To answer your question on the degeracy of $M_1$ and $M_2$: It is much harder to find out the individual masses when there is noise than it is to find e.g. the chirp mass $\mathcal{M}$. This is for the exact reason that these parameters are somewhat degenerate with other parameters. Also for this reason when you look at the LIGO detection paper, these parameters have larger error bars than the chirp mass. Looking at the formula for the gravitational wave strain, amplitude and phase parameters should be possible to determine independently. Once you include both the sky localization and higher order terms to $h(f)$, you would see that there is no longer strict degeneracy between the chirp mass and individual masses.

Notes to avoid confusing

  1. The h here is only the first order approximation and is valid when the binaries are further than around $r=6M$ apart. For better approximations you need numerical solutions / semi-analytical models.

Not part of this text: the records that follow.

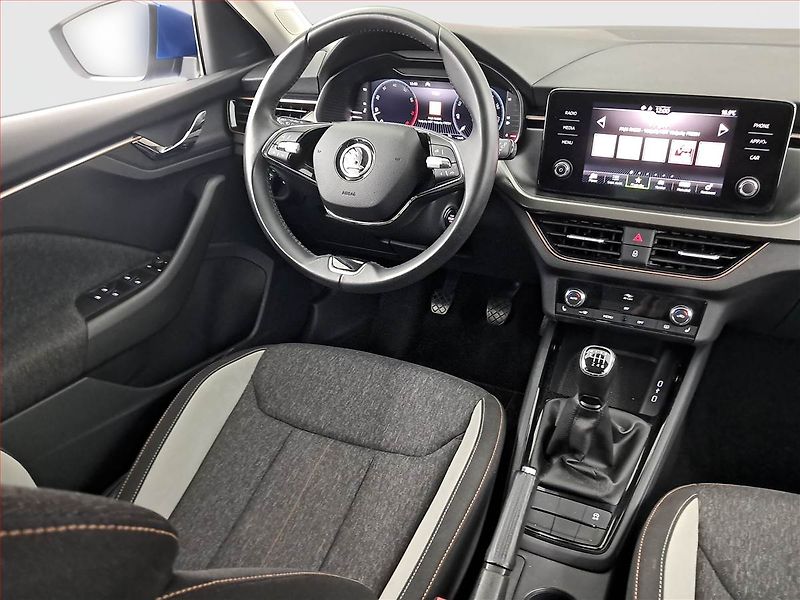 Škoda Scala (2022) Style 1.5 TSI, Serv.kniha - fotka 7 z 23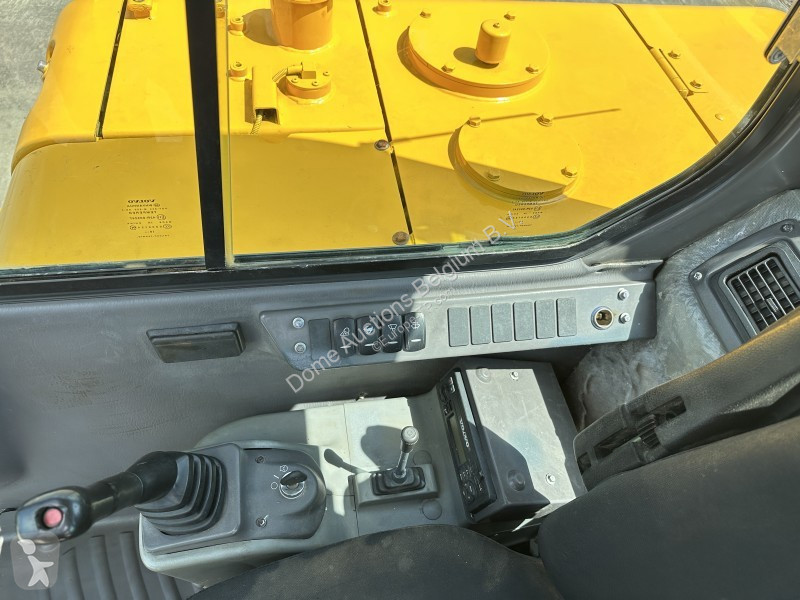 Багер Volvo EC60
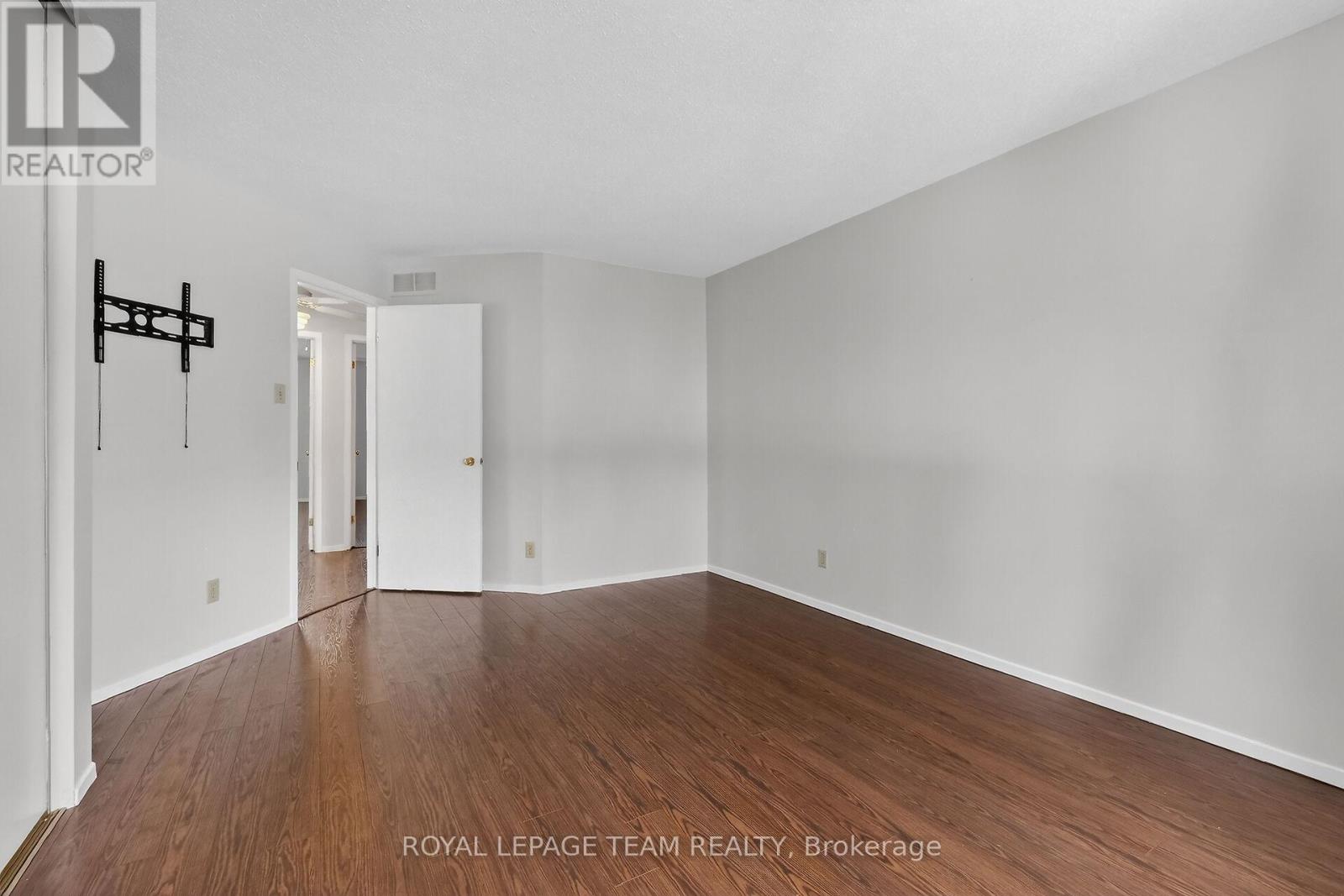 42 Oakhaven Private S, Ottawa, Ontario  K1K 4K1 - Photo 23 - X12759538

  2. The $h$ here does not include sky localization and the binary is assumed to be face-on
  3. The $h$ here does not have higher order terms which would also include the symmetric mass ratio $\eta=m_1 m_2 / \mathcal{M}$
  4. The $h$ here does not include antenna pattern functions (you would need to multiply the cross and plus polarization by the antenna patterns that are detector-dependent functions).
  5. The $h$ here does not include spin or eccentricity of the binary
  6. The bayesian formula that needs to be maximized assumes gaussian noise and hence does not work for non-gaussian noise.